Restic is the tool I use because it keeps the setup simple. It is encrypted, deduplicated, scriptable, and portable. More importantly, I can understand the recovery process without needing the exact original machine to still exist.

NFS is not a backup

Most of the important state in my homelab lives on shared storage.

That makes service deployment easier. Containers can move around the Swarm and still find their data. It keeps writes off SD cards. It gives the cluster one obvious place for persistent state.

It also creates an obvious risk.

If the storage node has a bad day, the lab has a bad day. NFS makes storage convenient. It does not make it safe.

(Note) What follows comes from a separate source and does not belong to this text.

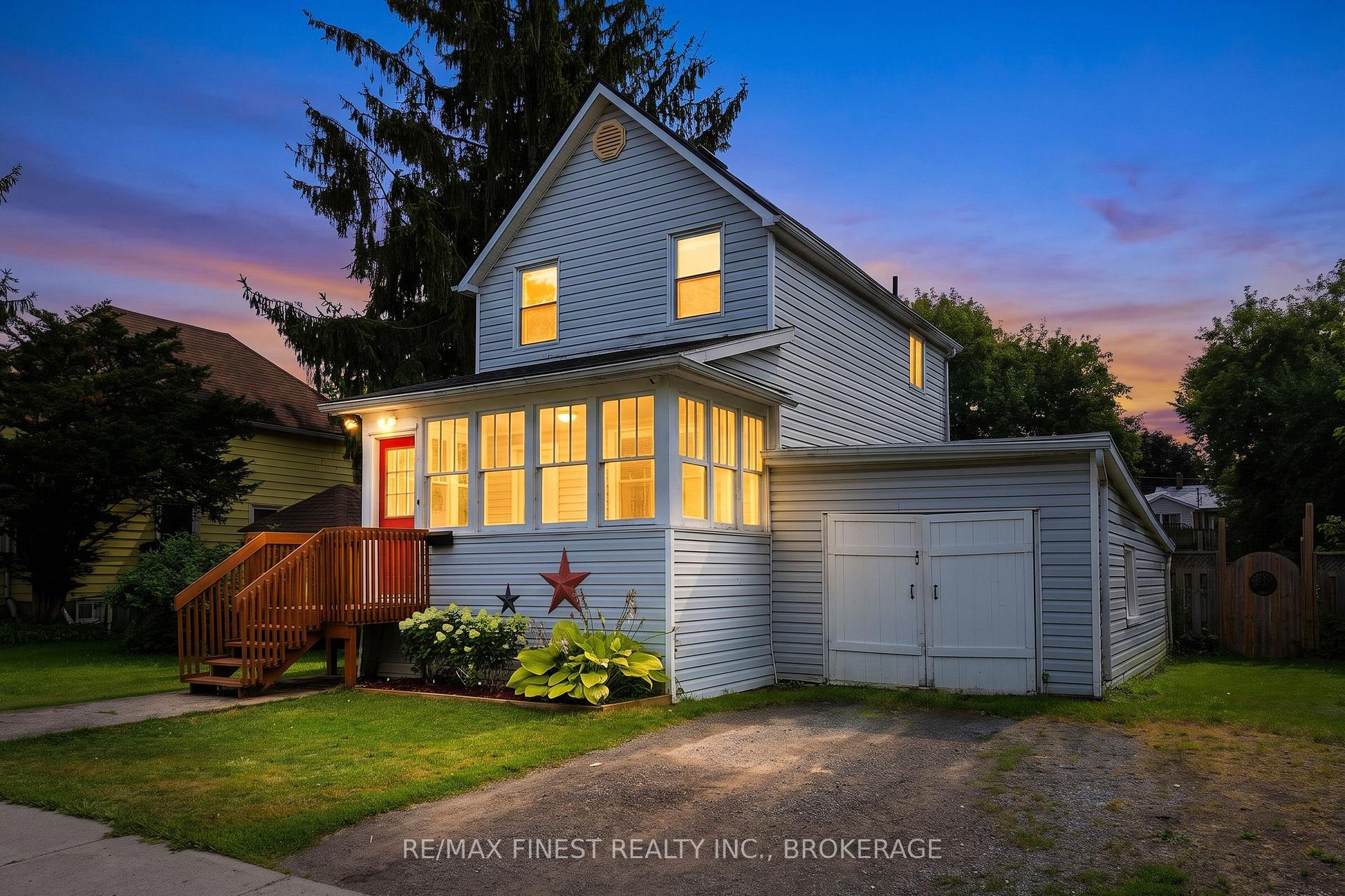 Photo of 348 Charles Street N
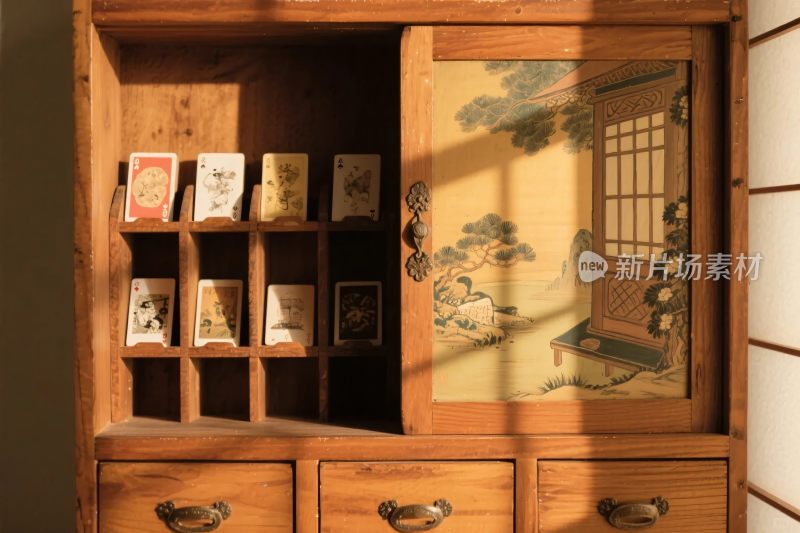 古朴木质收纳柜与插画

Replication would not be enough either, because accidentally deleting the wrong directory would happily replicate the mistake.

Backups need to be separate from the thing they are protecting.

What I back up

The backup set is focused on things that would be painful or impossible to recreate.

That means service data, configuration, secrets where appropriate, documents, photos metadata, Home Assistant config, Gitea repositories, and the parts of the homelab repo that describe how everything is deployed.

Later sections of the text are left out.